Le scelte che portiamo avanti nella nostra società si basano sulla conoscenza. Come mi suggerisce l’amico Paolo Venturi, “senza la conoscenza la decisione diventa più difficile e il rischio è quello poi di limitarsi a replicare o, peggio ancora, conservare”. Ha ragione Venturi: oggi i costi della conservazione (che si basa sull’inerzia) sono più alti di quelli dell’innovazione. E non si innova senza conoscere.

Spesso nelle realtà del terzo settore, o che studiano il terzo settore, i dati vengono visti e usati come fini a sé stessi (o peggio ancora come solo un costo): o per mostrare la propria forza quantitativa, o per fare presa nella comunicazione. È un errore, o meglio è un’occasione sprecata. Perché dovrebbero essere prima di tutto uno strumento e ancora più precisamente uno strumento di partecipazione. La raccolta dati è vissuta come una grande salita: arrivati all’apice, quando si giunge cioè ad averli in mano, la pesantezza del processo che li ha generati impedisce di vederli come un punto di ripartenza. In definitiva impedisce di godersi la discesa. La discesa è il confronto partecipato che dovrebbe avere un suo obiettivo: il miglioramento dell’azione e la crescita delle organizzazioni.

Prima ancora i dati vanno usati bene: spesso nel terzo settore c’è la tendenza a costruire indicatori mutuati dal profit con il risultato che si rischia, se non si circostanzia bene il tema, di tirare conclusioni su premesse quantomeno discutibili (si pensi al tema delicato della misurazione del valore economico del volontariato).

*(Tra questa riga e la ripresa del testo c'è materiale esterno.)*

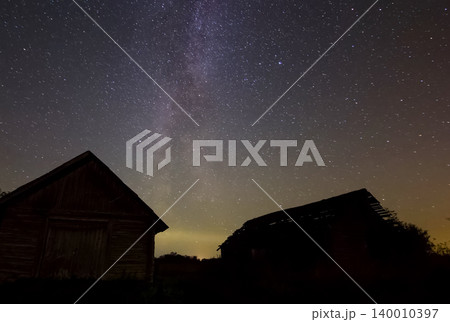 Starry sky over wooden houses in the village. Starry sky background picture of stars in night sky and the Milky Way. Starry sky over wooden houses in the village. Starry sky background picture of stars in night sky and the Milky Way. 140010397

Un altro “vizio” dell’uso dei dati riguarda il loro utilizzo che tende a generalizzare fenomeni complessi e anche tendenze diverse che coesistono. Un esempio riguarda le organizzazioni di volontariato. La rilevazione campionaria della Fondazione Volontariato e Partecipazione e del Centro Nazionale per il Volontariato ha dimostrato che sull’impatto della crisi coesistono tendenze opposte: una, maggioritaria, che racconta di un impatto positivo (cioé farebbe crescere, a mò di reazione l’impegno dei volontari e dei soci), l’altra negativa (fa diminuire l’impegno). In mezzo ci sono molte ipotesi, compresa quella che gli intervistati dalla ricerca riconducano alla parola “crisi” fattori interni alle loro organizzazioni piuttosto che esterni.

Insomma, il tema è interessante, anche da una prospettiva di comunicazione e vi faremo sapere quello che emergerà dal dibattito di sabato prossimo. Intanto vi lasciamo con una affermazione attribuita ad Albert Einsten: “Non tutto quel che conta può essere contato e non tutto quello che può essere contato conta”. L’importante, come diceva sempre il mio allenatore di calcio di quando ero piccolo, è usare la testa.